A Prediction of Energy Piles’ Long-Term Operation Using a Coupled Thermo-Hydro-Geomechanical Model
An energy pile harvests geothermal energy to heat and cool a building by integrating ground heat exchanger (GHX) pipes into the building’s deep foundation, and extracts heat from the ground in the winter to heat buildings and injects heat into the ground during the summer. In areas with moderate climates, the heating and cooling loads are relatively balanced; thus the long-term performance of the energy pile is sustainable. On the other hand, energy piles in warmer climates require more cooling such as in the southern US, or in large high-rise buildings, where internal heat generation requires a greater cooling capacity, excess heat will accumulate in the ground after each year of operation. After years of operating energy piles in imbalanced heat injection/extraction cycles, accumulated heat can increase the ground temperature, leading to potential decrease of energy piles’ efficiencies, complex soil properties and volume change, as well as ground surface displacement. Unfortunately, long-term experimental data or analytical solutions are not available for a complete understanding of these problems and their effects.
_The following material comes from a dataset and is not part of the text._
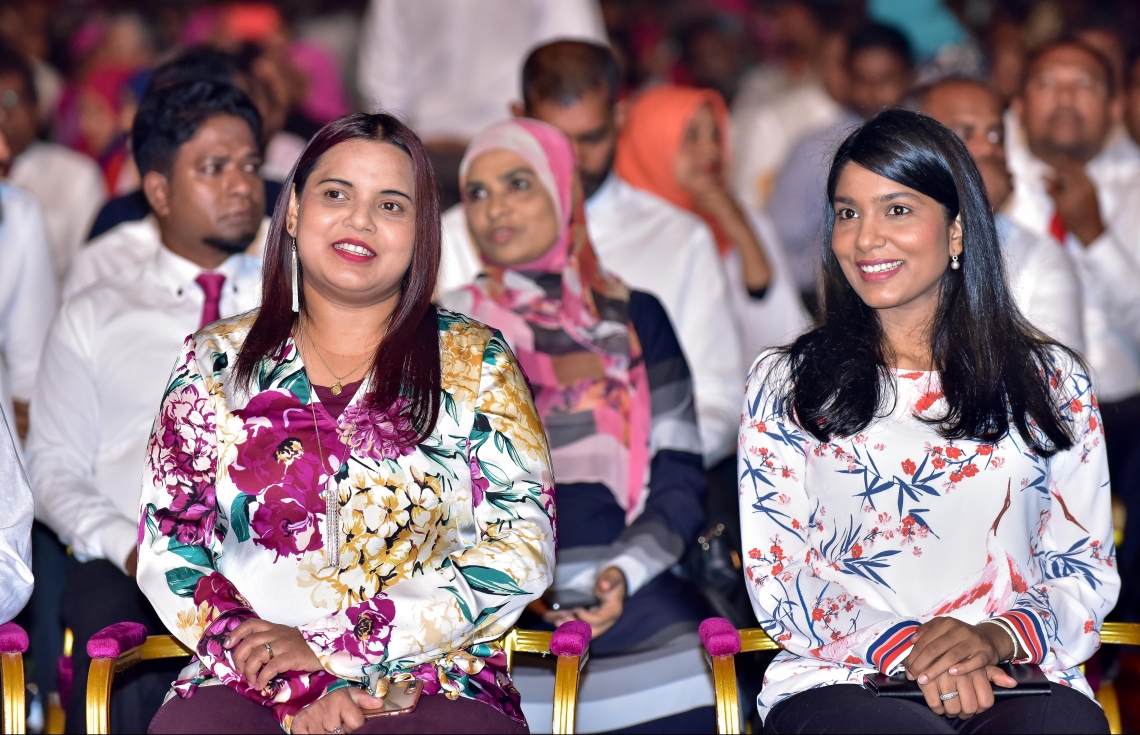 މާލެ: ނޮވެމްބަރު 17، 2017- ރައީސް ޔާމީންގެ ސަރުކާރަށް ހަތަރު އަހަރު ފުރުން ފާހަގަކުރުމަށް ކާނިވާ ސަރަހައްދުގައި ބޭއްވި ބިޔަ ޖަލްސާގައި ޖެންޑާ މިނިސްޓަރު ޒެނީޝާ (ކ) އަދި ޔޫތު އެންޑް ސްޕޯޓްސް މިނިސްޓަރު އިރުތިޝާމް ބައިވެރިވެވަޑައިގަންނަވަނީ.---ފޮޓޯ: ނިޝާން އަލީ/މިހާރު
This study aims to develop a 3D fully-coupled thermo-hydro-geomechanical model in the COMSOL Multiphysics® software by integrating the Subsurface Flow, Heat Transfer, and Geomechanics modules to predict the system performance of GHX in a long term operation in terms of COP and exergy efficiency. The coupling of three modules will strongly rely on the inter-connected material properties of water and soil, such as thermal conductivity, specific heat capacity, thermal expansion coefficient and other related moduli, for example due to the strong effects from thermal conductivity of soil to GHX performance, the thermal conductivity of soil will be inputted as a function of water content, degree of saturation and temperature. The proposed numerical model will be used to analyze complex thermal-hydro-geomechanical responses of soil and a complete energy pile under heat accumulation from long-term operation of a cooling-dominated energy pile accounting for the effects of ground water movement. Furthermore, the stress, contact pressure and displacement of the energy pile caused by mechanical and thermal loading will also be studied. To verify the proposed 3D fully-coupled numerical model, the ATLAS III Boom Clay heating/cooling test model will be chosen and recreated. The model can be verified by comparing the results obtained from the experiments and this proposed integrated model. Then the model will be used to predict the long-term operation of a GHX in a 30-stort office building, assuming to be located in Austin, TX.
It is important to mention that in this study the convective heat transfer of water vapor has been neglected, therefore only liquid water convection will be considered. A future work will be to integrate the multiphase transition from liquid to vapor with the proposed model, in order to further reveal the complete thermo-hydro-geomechanical effects to the performance of the prolonged heat injection of GHX.